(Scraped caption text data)
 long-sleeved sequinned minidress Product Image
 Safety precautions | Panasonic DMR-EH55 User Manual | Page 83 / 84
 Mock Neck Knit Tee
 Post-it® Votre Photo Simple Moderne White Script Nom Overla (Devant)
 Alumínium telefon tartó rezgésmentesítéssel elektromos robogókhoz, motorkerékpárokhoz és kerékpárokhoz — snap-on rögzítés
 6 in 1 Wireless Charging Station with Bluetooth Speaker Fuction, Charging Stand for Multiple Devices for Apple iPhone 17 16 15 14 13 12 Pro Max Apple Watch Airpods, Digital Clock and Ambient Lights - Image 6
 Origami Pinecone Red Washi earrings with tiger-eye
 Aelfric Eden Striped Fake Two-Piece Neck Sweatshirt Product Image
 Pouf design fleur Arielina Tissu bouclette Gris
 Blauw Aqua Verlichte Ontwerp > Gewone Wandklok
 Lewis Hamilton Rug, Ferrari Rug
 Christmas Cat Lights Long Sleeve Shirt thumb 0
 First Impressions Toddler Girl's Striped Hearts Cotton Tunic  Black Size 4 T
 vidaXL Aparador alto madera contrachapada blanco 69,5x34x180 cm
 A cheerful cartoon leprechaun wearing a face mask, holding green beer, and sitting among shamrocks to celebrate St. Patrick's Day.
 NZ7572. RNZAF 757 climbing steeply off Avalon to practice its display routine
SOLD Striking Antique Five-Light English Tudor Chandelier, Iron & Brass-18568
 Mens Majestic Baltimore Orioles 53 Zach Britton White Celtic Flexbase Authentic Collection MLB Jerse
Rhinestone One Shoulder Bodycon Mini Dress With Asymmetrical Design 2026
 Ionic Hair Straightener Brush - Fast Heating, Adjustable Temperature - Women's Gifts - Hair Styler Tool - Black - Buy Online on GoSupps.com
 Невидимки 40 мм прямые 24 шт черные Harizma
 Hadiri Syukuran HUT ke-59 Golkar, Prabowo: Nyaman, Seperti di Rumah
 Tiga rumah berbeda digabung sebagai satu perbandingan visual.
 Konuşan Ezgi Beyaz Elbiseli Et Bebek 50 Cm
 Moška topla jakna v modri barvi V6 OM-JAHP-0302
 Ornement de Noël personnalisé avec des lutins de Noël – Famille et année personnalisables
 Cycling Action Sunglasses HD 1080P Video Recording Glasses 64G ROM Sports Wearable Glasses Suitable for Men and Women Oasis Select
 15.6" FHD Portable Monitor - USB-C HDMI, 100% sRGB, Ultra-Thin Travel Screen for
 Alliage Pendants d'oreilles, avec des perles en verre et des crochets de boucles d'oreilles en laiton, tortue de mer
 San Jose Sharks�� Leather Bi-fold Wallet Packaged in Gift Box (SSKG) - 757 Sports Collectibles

## Activity
From the entries above, restate word for word the lines from the line containing "Post-it® Votre Photo" to the line containing "Cycling Action Sunglasses", both ends included, and nothing more.

## Response
 Post-it® Votre Photo Simple Moderne White Script Nom Overla (Devant)
 Alumínium telefon tartó rezgésmentesítéssel elektromos robogókhoz, motorkerékpárokhoz és kerékpárokhoz — snap-on rögzítés
 6 in 1 Wireless Charging Station with Bluetooth Speaker Fuction, Charging Stand for Multiple Devices for Apple iPhone 17 16 15 14 13 12 Pro Max Apple Watch Airpods, Digital Clock and Ambient Lights - Image 6
 Origami Pinecone Red Washi earrings with tiger-eye
 Aelfric Eden Striped Fake Two-Piece Neck Sweatshirt Product Image
 Pouf design fleur Arielina Tissu bouclette Gris
 Blauw Aqua Verlichte Ontwerp > Gewone Wandklok
 Lewis Hamilton Rug, Ferrari Rug
 Christmas Cat Lights Long Sleeve Shirt thumb 0
 First Impressions Toddler Girl's Striped Hearts Cotton Tunic  Black Size 4 T
 vidaXL Aparador alto madera contrachapada blanco 69,5x34x180 cm
 A cheerful cartoon leprechaun wearing a face mask, holding green beer, and sitting among shamrocks to celebrate St. Patrick's Day.
 NZ7572. RNZAF 757 climbing steeply off Avalon to practice its display routine
SOLD Striking Antique Five-Light English Tudor Chandelier, Iron & Brass-18568
 Mens Majestic Baltimore Orioles 53 Zach Britton White Celtic Flexbase Authentic Collection MLB Jerse
Rhinestone One Shoulder Bodycon Mini Dress With Asymmetrical Design 2026
 Ionic Hair Straightener Brush - Fast Heating, Adjustable Temperature - Women's Gifts - Hair Styler Tool - Black - Buy Online on GoSupps.com
 Невидимки 40 мм прямые 24 шт черные Harizma
 Hadiri Syukuran HUT ke-59 Golkar, Prabowo: Nyaman, Seperti di Rumah
 Tiga rumah berbeda digabung sebagai satu perbandingan visual.
 Konuşan Ezgi Beyaz Elbiseli Et Bebek 50 Cm
 Moška topla jakna v modri barvi V6 OM-JAHP-0302
 Ornement de Noël personnalisé avec des lutins de Noël – Famille et année personnalisables
 Cycling Action Sunglasses HD 1080P Video Recording Glasses 64G ROM Sports Wearable Glasses Suitable for Men and Women Oasis Select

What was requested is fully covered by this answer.